Parkinson’s Law and spending sensibly

Standard People
Last month I wrote on how to manage your expenses. I hope you all started an expenses journal so that you are conscious of how much you are spending and what you are spending it on. Knowing this will highlight your non-essential costs enabling you to cut back on them.

While chatting to a friend a few days ago about bad spending habits, he brought up the Parkinson’s Law.  Brian Tracy, who is CEO of Brian Tracy International (a company that specialises in the training and development of individuals and companies) did an interesting write-up on this law.

This law gives better understanding as to why most people retire poor at the end of their working lives. It was developed by an English writer named C Northcote Parkinson. It states that regardless of the money that people earn at their jobs, they end up spending the entire sum and at times even more than they would be earning.

Most people are earning a considerable amount more than they did at their initial jobs. However their expenses seem to rise in direct proportion to the increase in their income. It would seem that every cent that is earned is required to sustain their current lifestyles.

This is such a true reflection of how most people function. My father has a wealthy Greek friend who drove a “box” Nissan Sunny for a long time. People would ask why he drove that particular make when he could afford a flashier car. His response was that  all he needed was a vehicle that took him from point A to point B. He also pointed out that the native Zimbabwean tended to live an ostentatious lifestyle which involved building houses with more bedrooms, lounges and bathrooms than we had use for instead of building one house to live in with just enough room and then build another house that could be rented out, thereby generating some income. It appears it is because we are more concerned about keeping up with the Jones’ that we end up living substantially beyond our means. We want to be seen to be living it up by our peers and family but really, who cares if you are living it up or not? It’s not as though anyone else but those you choose can partake of your wealth with you. I believe this was the downfall of many a dealer in 2009 when our economy was dollarised. They lived it up so much in the present that they forgot to plan, save or invest in their futures. When the tables turned unexpectedly, they were caught off guard and many of them still haven’t recovered.Also, some did not re-adjust their lifestyles to match the new economic situations resulting in them drowning in debt in order to maintain their once abundant standard of living. As tempting as it may be, you need to resist the urge to spend your entire income. This will allow you to accrue wealth that can be saved or invested. Tracy proceeds to state the second corollary which encourages you to slow down on your spending. Your income and expenses should not increase at the same pace.  When you are in your late 20s to late 30s, it is appealing to look like you are making it by driving a pricier and not necessarily cost-efficient car, live in a more prominent neighbourhood or go on holidays one cannot afford.Would it not be great to be able to spend your retirement years travelling and not have to work until you are 90? As my father says, suffer now for future rewards.

 

A summary of what to do to harness your expenditures

Last month you kept an expenses journal.
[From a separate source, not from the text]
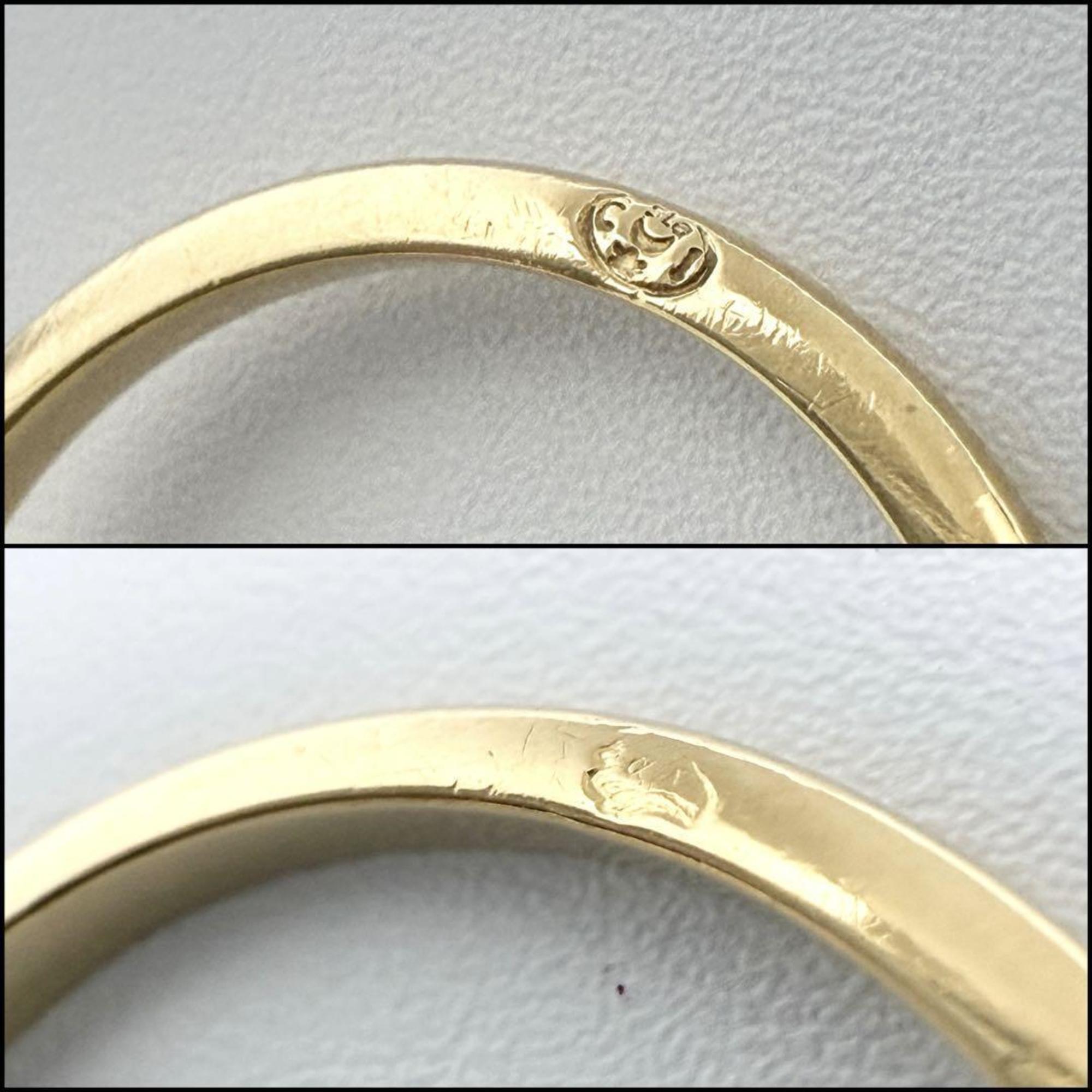 Chaumet Gold Yellow Gold (18K) Band Ring (Pre-Owned)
This month, slow down your spending. Save and invest for the future. Brian Tracy’s suggestions are: “First, imagine that your financial life is like a failing company that you have taken over. Institute an immediate financial freeze. Halt all non-essential expenses. Draw up a budget of your fixed, unavoidable costs per month and resolve to limit your expenditures temporarily to these amounts.Carefully examine every expense. Question it as though you were analysing someone else’s expenses. Look for ways to economise or cut back. Aim for a minimum of a 10% reduction in your living costs over the next three months.Second, resolve to save and invest 50% of any increase you receive in your earnings from any source. Learn to live on the rest. This still leaves you the other 50% with which to do  as you desire. Do this for the rest of your career.”